PROBLEM TO WORK ON: Everything from the line containing "624 Franklin Avenue" through the last line of the listing below should be returned exactly, except for pictures.

####################

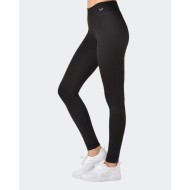 Legging Bilcee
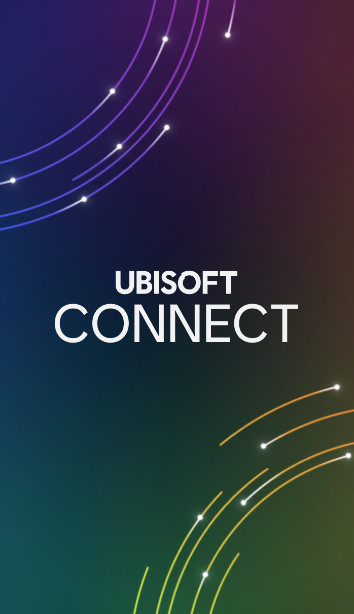 ubisoft connect׿v9.2.3ͼ0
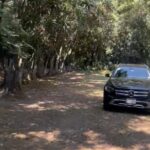 Fotos Casa SantaM (31)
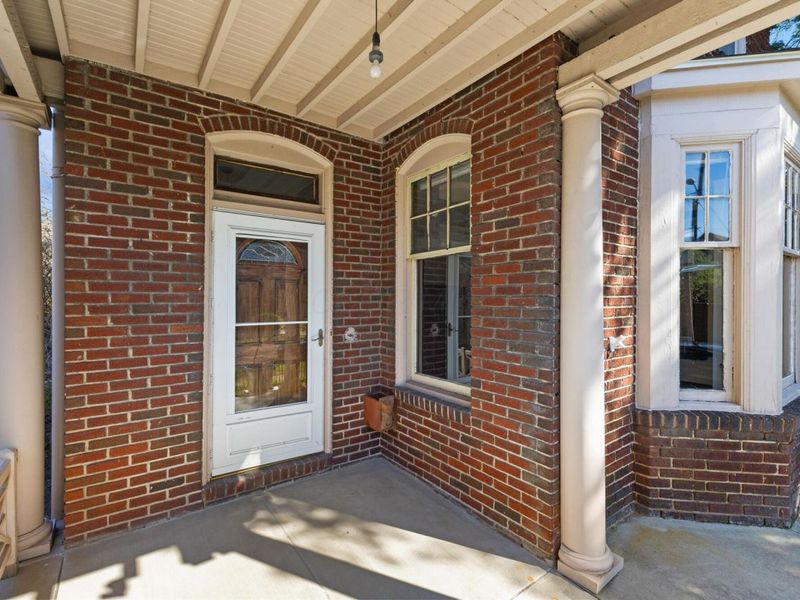 624 Franklin Avenue , Columbus, OH 43215 Photo 4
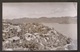 View Of Vacation Homes, Acapulco, Mexico - Real Photo - Unused 1950s - Mexico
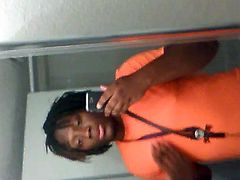 info on me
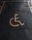 disability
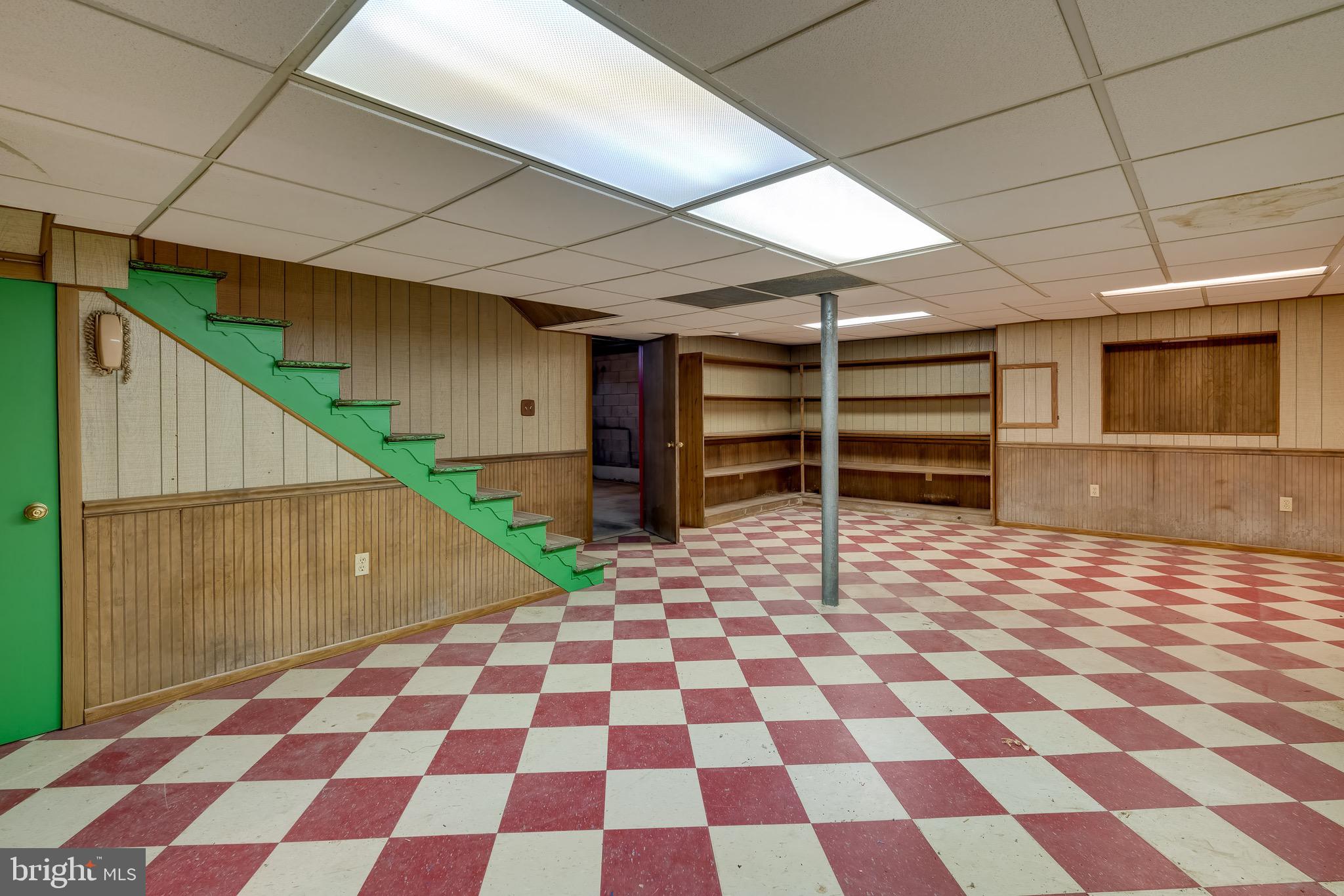 51 Walden Road Lebanon, PA 17042 - Photo 60 of 75 Gallery Image 60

####################

FINAL ANSWER:
 624 Franklin Avenue , Columbus, OH 43215 Photo 4
 View Of Vacation Homes, Acapulco, Mexico - Real Photo - Unused 1950s - Mexico
 info on me
 disability
 51 Walden Road Lebanon, PA 17042 - Photo 60 of 75 Gallery Image 60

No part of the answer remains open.